(Provided material Opens)
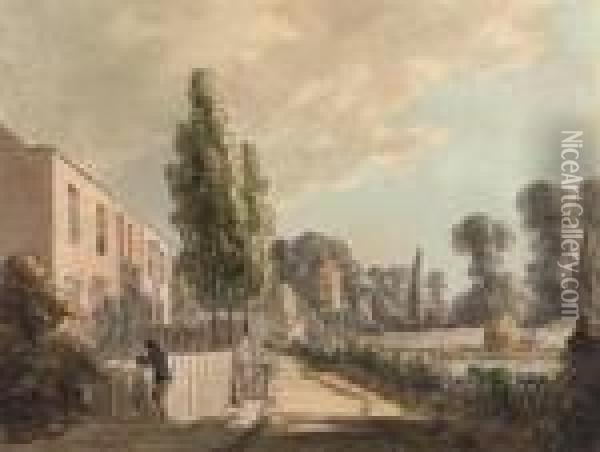 The Path To Craven Hill, With Kensington Gardens Oil Painting - Paul Sandby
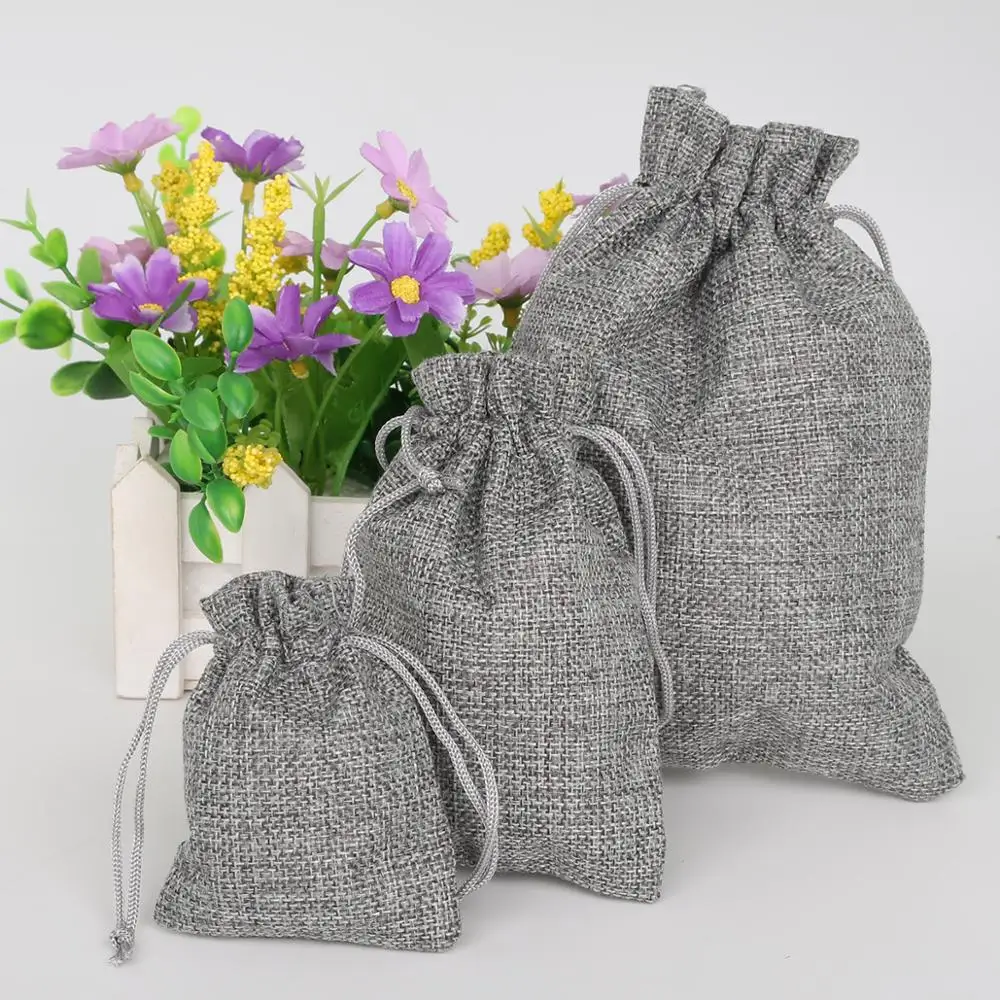 Custom Logo Linen Gift Bags Packing Jewelry Drawstring Pouch Linen Gift Storage Pouches Dust Bag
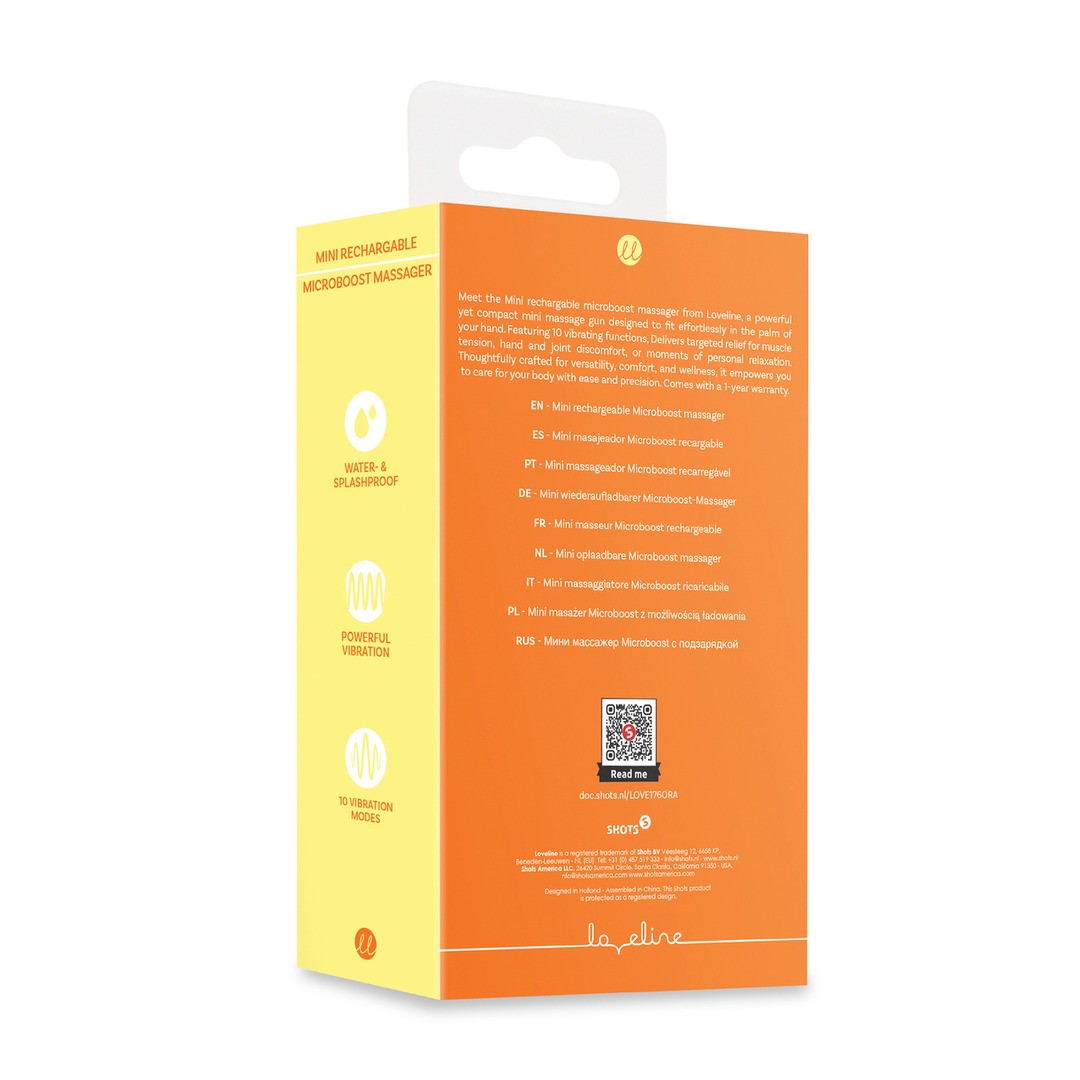 MINI MASAJEADOR RECARGABLE MICROBOOST NARANJA LOVELINE - Imagen 3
(Provided material Closes)
Start at the first line and set down all of the data exactly, passing over the pictures.

 The Path To Craven Hill, With Kensington Gardens Oil Painting - Paul Sandby
 Custom Logo Linen Gift Bags Packing Jewelry Drawstring Pouch Linen Gift Storage Pouches Dust Bag
 MINI MASAJEADOR RECARGABLE MICROBOOST NARANJA LOVELINE - Imagen 3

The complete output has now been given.